How we solved the challenge of dynamic Hadoop configuration in Talend?
We recently helped a leading telecom company to build Data Lake in Hadoop to implement analytics. The use case involved the migration of terabytes of data from the Oracle database to Hive using Talend. It involved complicate business rules as data sourced from varied sources like Oracle, ERP systems and flat files. The objective was to do migration using a robust and configurable tool.
Our Talend job design
Our Talend jobs designed in the following way –
A joblet used to pick up dynamic parameters from configuration tables. These included all the custom values that would have to be changed between environments.
A parent job (Talend Standard Job) used to pick up data from the required sources and write it to an intermediate file on HDFS.
A child job (Spark Batch Job) then triggered to copy the data from that intermediate file to a Hive managed table in parquet format.
The challenge of Hadoop Cluster Configuration In Talend
In this entire migration process, the challenge was to customize the cluster configuration. In the absence of such custom configuration, Talend uses its own default Hadoop configuration. This causes problems when used with Hadoop clusters that have been set up differently from what Talend expects.
Typically Hadoop parameters are different for different environments like development, pre-production, and production.
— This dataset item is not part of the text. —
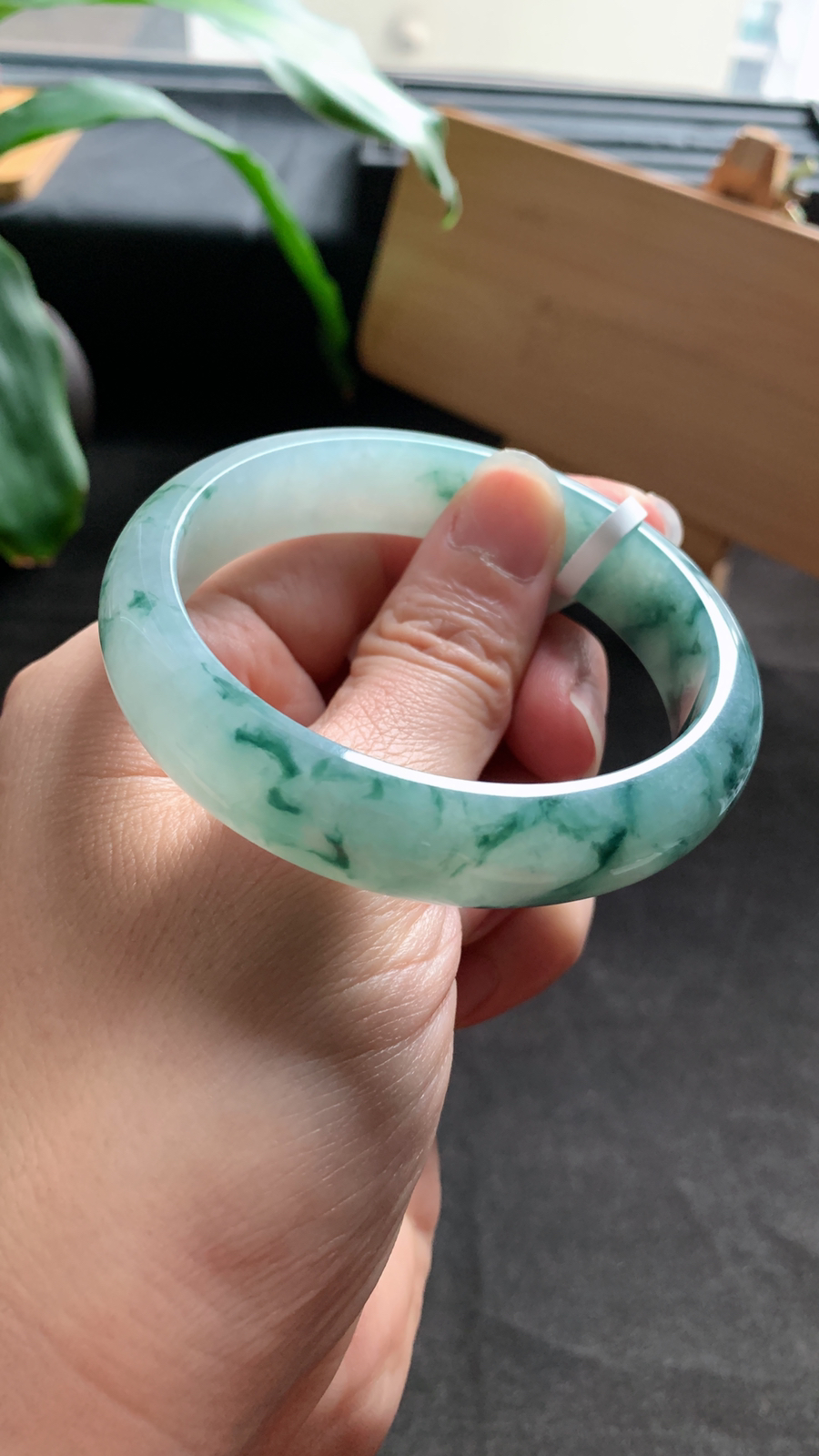 58圈口 天然A货翡翠飘花手镯 版型宽厚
Examples are Keytab, Kerberos, resource manager, high availability properties, and failover nodes, etc. Hence, when code move across environments these parameters have to be manually changed.
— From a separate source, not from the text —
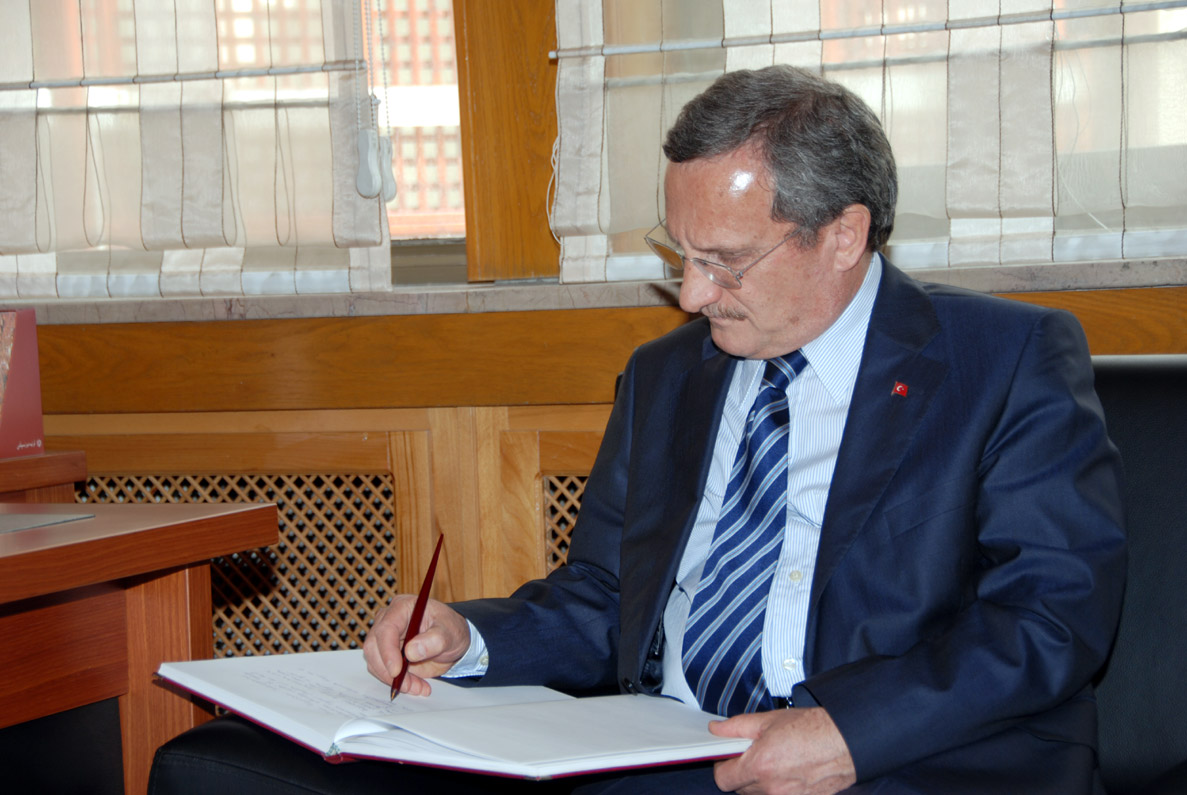 Devlet Bakanı Yazıcıoğlu Büyükşehir'i Ziyaret Etti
However, we were looking for a solution that would allow the code to be migrated across environments without changing the parameters manually.
The way in which we temporarily achieved that was by passing a .jar file to the job, which contained xml files from the cluster, containing the required configuration. However, this jar file would have to be changed and the job would have to be rebuilt every time there are configuration changes or the job had to be migrated to a different environment.
This was not suitable for our use case, so we considered different approaches to overcome the problem.
Selecting the best approach to get over the roadblock:
After considering many scenarios, we zeroed down on the top three approaches. As explained below, we tried all these three approaches.
Approach 1: Changing the Custom Configuration
We considered an approach where different.jar files were used, based on the environments. We created 2 context groups and could pass –context=Prod or –context=Dev depending on the .jar file that we wanted to load. This approach partially worked, but the child job was unable to receive that context group’s value dynamically. Dynamic context can be pass to standard jobs, not to big data jobs.
Furthermore, it would involve a rebuild every time we had to change the configuration.
Approach 2: Manually Adding Custom Properties
There were a total of 226 properties for the Talend job in the cluster configuration that needed customization for successful data migration. In this approach, we manually added these properties to the Hadoop components in the Talend job. We were able to change properties related to High Availability (HA) and Key Management Servers (KMS), which involved 17 properties in total.
This fixed the parent job, and we were able to write the file to HDFS. However, the child job failed even after adding all 226 properties! We even discussed this with Talend support, and they were unable to provide a reason or a solution. Hence, this approach was also discard.
Approach 3: Removing child job and creating an external table
After considering the above two approaches, we went back to the drawing board and put together an innovative approach. It took a lot of interesting discussions with our Big Data experts to find a way which was fitting the bill.
In this approach, the location where the intermediate file was present on HDFS was used as the directory for external Hive tables. The process of moving data from the HDFS file to the managed Hive table was no longer required, so we discarded the Big Data child job. This worked! With this approach, we were able to reduce the build size by 90%, since additional Hive and Spark libraries were not required anymore. This also improved performance, since the second step was eliminated. Even though we didn’t achieve making the job completely dynamic, we were able to complete our functional objective.
Below is the diagram explaining the approach:
Though dynamic configuration is available in Talend, it does not work in an expected way. Talend needs to work on making the Hadoop components more configurable for Big Data jobs. At the same time, we would like to mention that Talend is moving in the right direction when it comes to the Big Data landscape.